Veja se engrandece com sua saida.
JLT diz
Depois de toda a ‘babação’ que vc escreveu sobre o ‘cara’, pondero que:
1- ele escreveu: ‘uma agressão a uma das garantias que tem a profissão.’ e ‘o sigilo da conversa de um jornalista com sua fonte é um dos pilares do jornalismo’
Existe sigilo de fonte para jornalista que faz entrevistas e informa, NÃO PARA OPINAR!
2- escreveu também: ‘Pergunto: essas questões que você levantou para mim, posso colocar como se fosse resposta do Aécio?’ comprovou ser sem caráter, mentiroso e manipulador dos leitores e opinião pública!

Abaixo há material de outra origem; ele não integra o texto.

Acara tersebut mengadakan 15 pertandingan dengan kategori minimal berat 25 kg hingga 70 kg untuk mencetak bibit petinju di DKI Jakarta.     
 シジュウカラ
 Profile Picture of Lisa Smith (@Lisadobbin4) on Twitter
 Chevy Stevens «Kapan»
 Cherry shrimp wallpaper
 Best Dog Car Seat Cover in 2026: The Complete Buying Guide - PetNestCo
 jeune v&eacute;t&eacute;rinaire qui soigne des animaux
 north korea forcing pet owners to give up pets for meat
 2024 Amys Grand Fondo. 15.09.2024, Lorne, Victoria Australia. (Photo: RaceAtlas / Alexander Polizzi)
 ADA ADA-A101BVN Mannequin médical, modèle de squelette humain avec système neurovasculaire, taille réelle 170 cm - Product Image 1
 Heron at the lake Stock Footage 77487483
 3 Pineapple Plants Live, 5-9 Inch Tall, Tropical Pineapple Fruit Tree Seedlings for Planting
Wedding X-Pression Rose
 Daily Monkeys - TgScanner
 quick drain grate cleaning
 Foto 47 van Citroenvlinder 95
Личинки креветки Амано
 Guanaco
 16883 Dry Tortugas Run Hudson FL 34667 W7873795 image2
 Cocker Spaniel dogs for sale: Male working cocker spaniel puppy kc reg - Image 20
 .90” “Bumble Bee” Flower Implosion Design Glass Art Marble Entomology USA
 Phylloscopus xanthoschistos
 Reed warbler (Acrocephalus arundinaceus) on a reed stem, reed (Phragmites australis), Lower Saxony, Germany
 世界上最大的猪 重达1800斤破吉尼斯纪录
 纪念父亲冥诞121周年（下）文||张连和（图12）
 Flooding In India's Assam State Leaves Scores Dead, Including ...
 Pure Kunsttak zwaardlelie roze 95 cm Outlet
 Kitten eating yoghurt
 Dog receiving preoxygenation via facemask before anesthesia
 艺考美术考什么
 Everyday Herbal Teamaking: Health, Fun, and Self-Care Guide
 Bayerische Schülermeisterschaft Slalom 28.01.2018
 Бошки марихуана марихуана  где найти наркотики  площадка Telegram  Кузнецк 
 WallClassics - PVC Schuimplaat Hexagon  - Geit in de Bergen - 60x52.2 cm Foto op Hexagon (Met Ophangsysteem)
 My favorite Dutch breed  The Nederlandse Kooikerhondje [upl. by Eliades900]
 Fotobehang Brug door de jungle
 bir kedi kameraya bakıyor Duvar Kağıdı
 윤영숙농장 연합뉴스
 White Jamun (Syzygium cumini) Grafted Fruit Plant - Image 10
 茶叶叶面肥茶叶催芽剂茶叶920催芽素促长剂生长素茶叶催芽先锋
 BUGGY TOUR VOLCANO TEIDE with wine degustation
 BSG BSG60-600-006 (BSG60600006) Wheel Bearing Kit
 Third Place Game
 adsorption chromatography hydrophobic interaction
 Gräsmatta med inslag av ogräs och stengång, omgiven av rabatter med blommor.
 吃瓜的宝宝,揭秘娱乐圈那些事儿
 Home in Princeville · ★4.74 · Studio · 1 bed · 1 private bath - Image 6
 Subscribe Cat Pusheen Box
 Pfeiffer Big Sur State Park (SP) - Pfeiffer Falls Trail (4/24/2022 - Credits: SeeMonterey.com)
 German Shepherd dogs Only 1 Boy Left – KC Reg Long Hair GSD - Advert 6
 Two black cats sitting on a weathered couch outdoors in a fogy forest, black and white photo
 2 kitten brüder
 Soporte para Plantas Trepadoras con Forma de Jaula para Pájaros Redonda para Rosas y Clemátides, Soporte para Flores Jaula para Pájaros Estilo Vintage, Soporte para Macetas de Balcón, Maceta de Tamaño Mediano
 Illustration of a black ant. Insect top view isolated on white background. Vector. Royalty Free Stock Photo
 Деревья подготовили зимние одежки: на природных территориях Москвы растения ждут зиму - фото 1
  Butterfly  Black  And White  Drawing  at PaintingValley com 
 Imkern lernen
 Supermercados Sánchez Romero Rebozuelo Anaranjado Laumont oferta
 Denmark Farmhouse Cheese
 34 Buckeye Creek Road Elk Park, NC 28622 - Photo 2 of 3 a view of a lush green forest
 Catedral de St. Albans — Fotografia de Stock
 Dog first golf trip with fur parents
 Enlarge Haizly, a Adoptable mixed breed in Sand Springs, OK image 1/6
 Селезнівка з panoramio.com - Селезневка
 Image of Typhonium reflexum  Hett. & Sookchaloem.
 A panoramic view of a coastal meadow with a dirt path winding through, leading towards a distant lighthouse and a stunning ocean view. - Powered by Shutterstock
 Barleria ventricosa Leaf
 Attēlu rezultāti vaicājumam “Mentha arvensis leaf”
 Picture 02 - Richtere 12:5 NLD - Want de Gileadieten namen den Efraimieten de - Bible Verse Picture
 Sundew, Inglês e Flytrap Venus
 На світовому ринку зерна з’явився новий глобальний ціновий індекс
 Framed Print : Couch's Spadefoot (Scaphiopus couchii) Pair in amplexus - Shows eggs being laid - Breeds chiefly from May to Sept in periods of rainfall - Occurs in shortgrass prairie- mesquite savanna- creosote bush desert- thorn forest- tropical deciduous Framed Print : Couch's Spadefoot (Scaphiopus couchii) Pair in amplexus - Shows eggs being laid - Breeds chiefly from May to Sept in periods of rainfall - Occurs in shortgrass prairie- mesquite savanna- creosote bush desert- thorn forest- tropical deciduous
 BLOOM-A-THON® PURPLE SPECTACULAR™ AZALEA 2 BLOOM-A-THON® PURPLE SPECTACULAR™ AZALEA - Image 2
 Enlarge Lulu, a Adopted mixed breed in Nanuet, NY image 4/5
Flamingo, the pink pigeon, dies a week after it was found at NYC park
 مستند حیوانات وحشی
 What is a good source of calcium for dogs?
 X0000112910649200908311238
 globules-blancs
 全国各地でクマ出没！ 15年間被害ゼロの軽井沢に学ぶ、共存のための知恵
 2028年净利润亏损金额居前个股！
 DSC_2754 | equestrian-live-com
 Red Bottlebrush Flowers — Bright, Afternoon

3- Pediu demissão: foi um ato muito ‘apropriado’ pois quando um funcionário fala contra a empresa que trabalha, é motivo de justa causa!
4- Pra você raciocinar, RAMIRO: O que falta para jornalistas entenderem sobre garantia constitucional? pensar nos parâmetros dela ou ‘cria-los’?
5- Ramiro, é nesse ‘fantástico’ jornalista que você ‘baba ovo’?
6- Por favor publique meu comentário!!!